[Image-caption web data]
'''

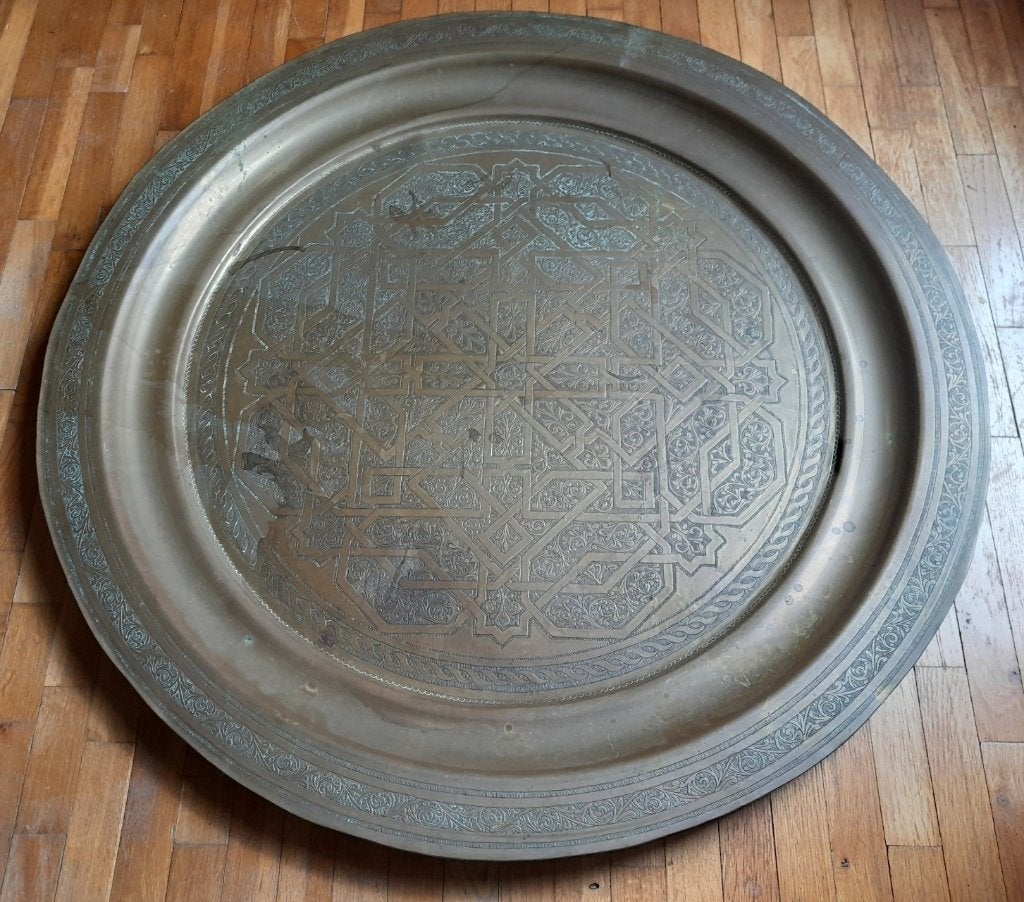 Plateau marocain cuivre ciselé mains 100cm - VINTAGE, Antiquités & Art, Enlèvement, Cuivre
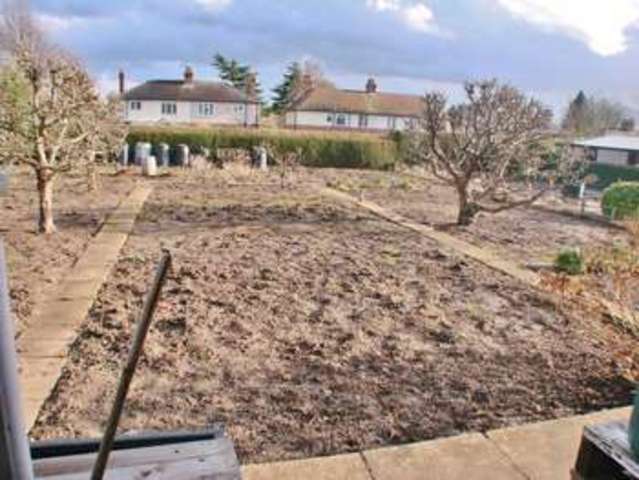  Image of 3 bedroom Semi-Detached house for sale in Cliff Crescent Radcliffe-on-Trent Nottingham NG12 at Cliff Crescent Radcliffe-On-Trent Radcliffe-On-Trent, NG12 1AT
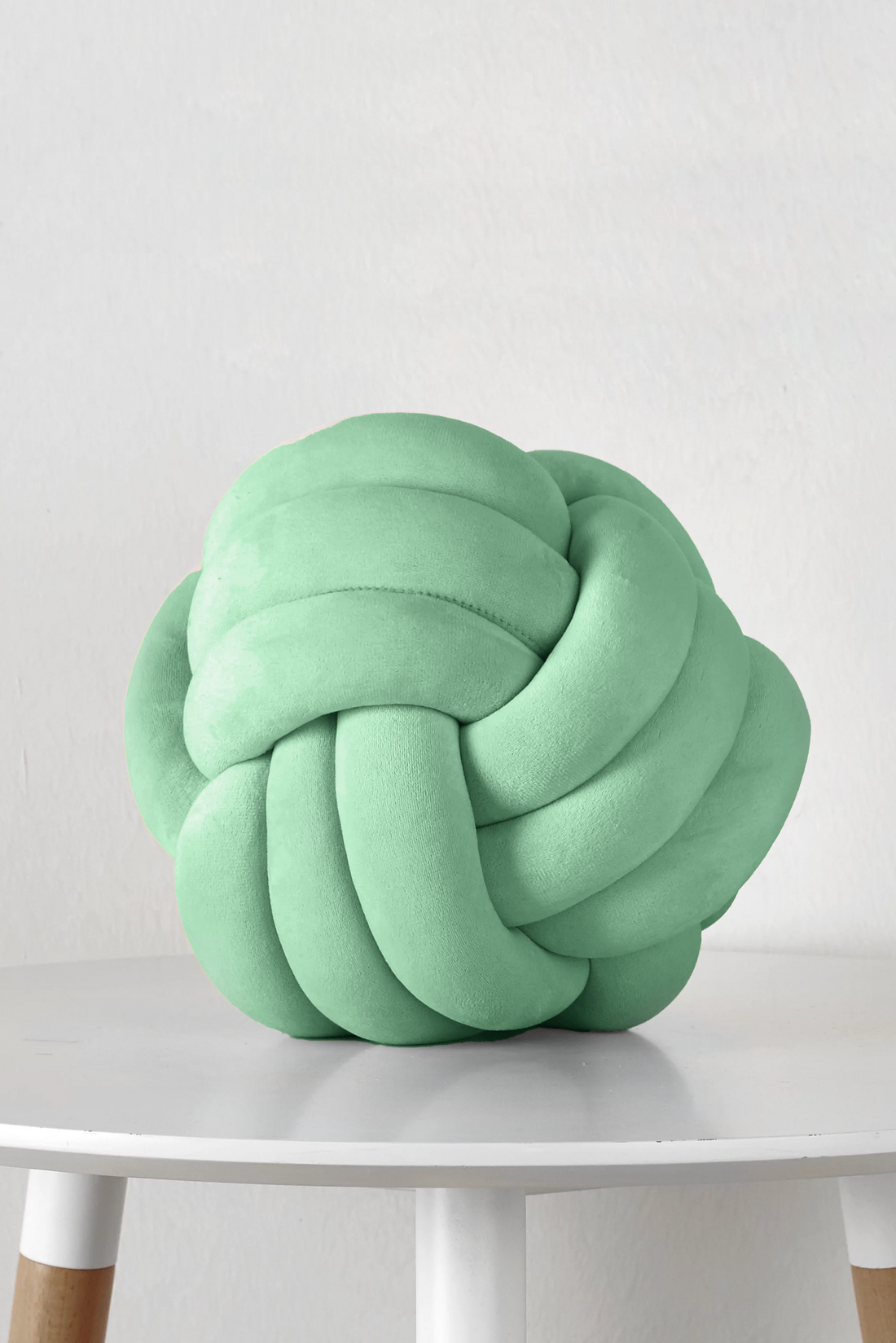 Nico Big Knotted Pillow - Green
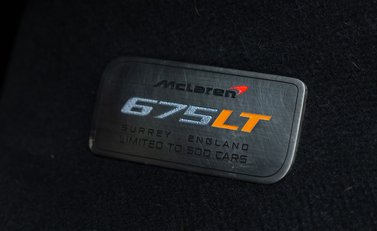 McLaren 675LT 31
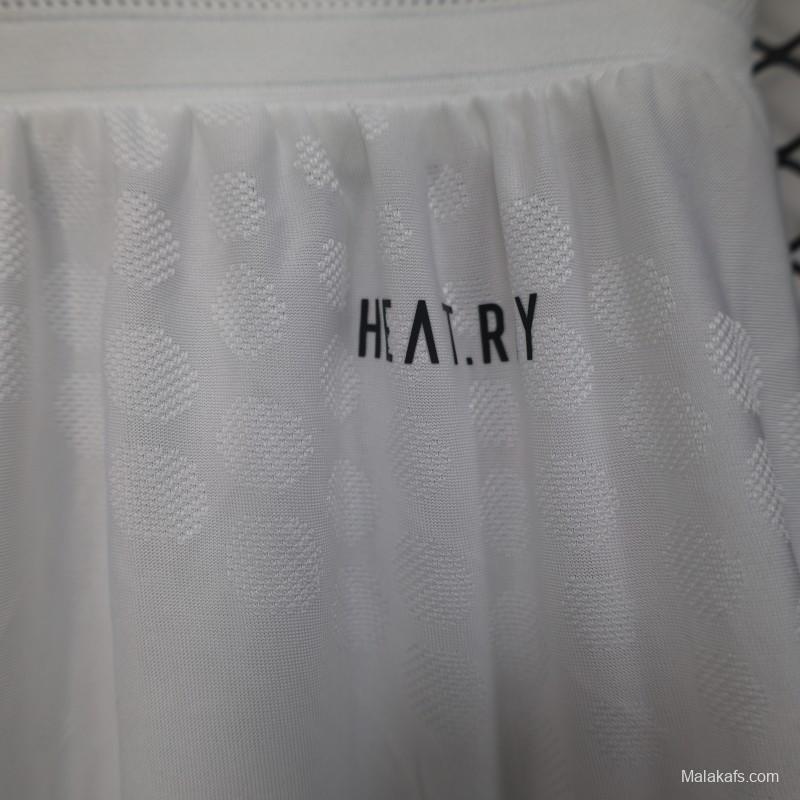 Player Version 25/26 Juventus Home Shorts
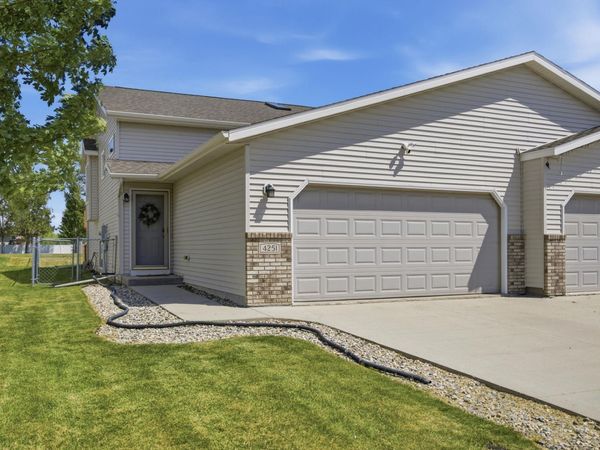 4251 39th Avenue S, Fargo, ND 58104
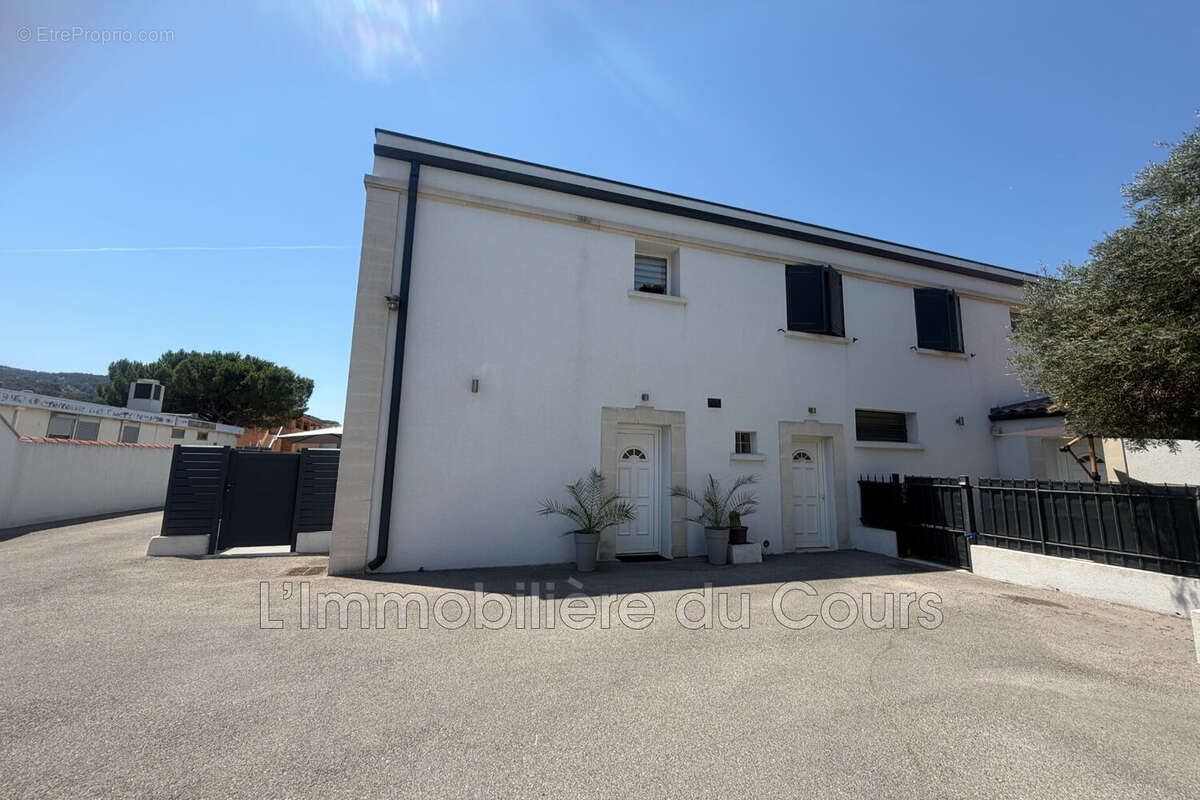 Appartement 700 m² à Chateauneuf-Les-Martigues  - photo 2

'''

▶ Required action
An exact copy of the lines from the one with "McLaren 675LT 31" through the end of the records: produce that and nothing more, leaving out the pictures.

▶ The completed task
 McLaren 675LT 31
 Player Version 25/26 Juventus Home Shorts
 4251 39th Avenue S, Fargo, ND 58104
 Appartement 700 m² à Chateauneuf-Les-Martigues  - photo 2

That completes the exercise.